I cannot but feel that to affirm a judgment for Mrs. McLellan would do violence to the jurisprudence of tihis state and of the United States, which jurisprudence is, in my opinion, well expressed in the following:
“Statutes and municipal ordinances in every jurisdiction prescribe specifically the duty of railway corporations in respect to railway crossings; but no failure on the part of the railroad company to do its duty will excuse any.one from using the senses of sight and hearing upon approaching a railway crossing, and, whenever the due 'use of either sense would have enabled the injured person to escape the danger, the injury is conclusive evidence of negligence, without any reference to the railroad’s failure to perform its duty.” Brown vs. T. & P. Ry. Co., 42 La. Ann. 350, 7 So. 682, 684, 21 Am. St. Rep. 374.
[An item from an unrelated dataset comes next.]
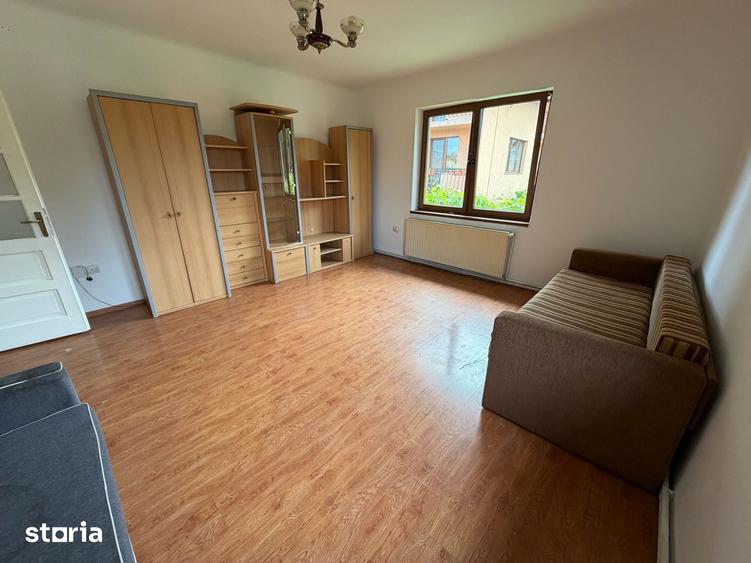 Apartament cu 3 camere în Țiglari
“When a man goes upon a railroad track he knows that he goes to a place where he will be killed if a train comes upon him before he is clear of the track. He knows that he must stop for the train not the train stop for him.” B. & O. R. R. Co. vs. Goodman, 275 U. S. 66, 48 S. Ct. 24, 25, 72 L. Ed. 167, 56 A. L. R. 645.
As to Mr. McLellan, the legal situation is different. The negligence of his wife as the driver of the car is not chargeable to him. Churchill vs. T. & P. Ry. Co., 151 La. 726, 92 So. 314; Vitale vs. Checker Cab Co., 7 La. App. 653; Daull vs. N. O. Ry. & Light Co., 147 La. 1012, 86 So. 477; Southern Surety Co. vs. M. L. & T. R. R. & S. S. Co., 6 La. App. 575.
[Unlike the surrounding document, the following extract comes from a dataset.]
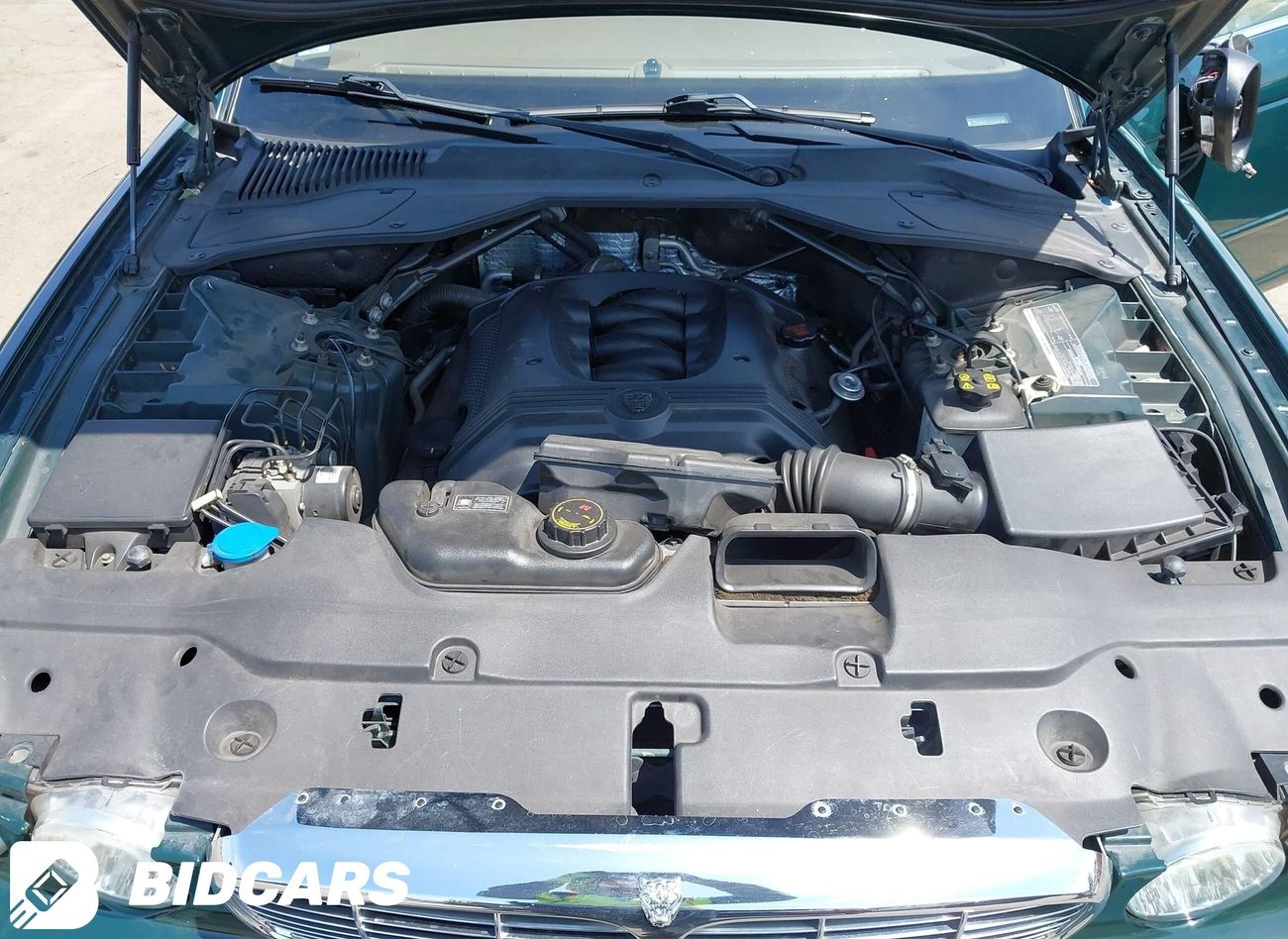 جاكوار XJ8 Vanden Plas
Of course, as was recognized in the Churchill case, there may be and there often are circumstances under which a guest in an automobile is guilty of negligence independent of that of the driver: for instance, where the driver is plainly incompetent, or is manifestly intoxicated, or guilty of such continuous recklessness as to demand remonstrance or protest from any ordinarily prudent person. But these circumstances do not seem to have been present here.
I therefore concur in the decree amending and affirming the judgment in favor of Mr. McLellan, but respectfully dissent from the decree amending and affirming the judgment in favor of Mrs. McLellan.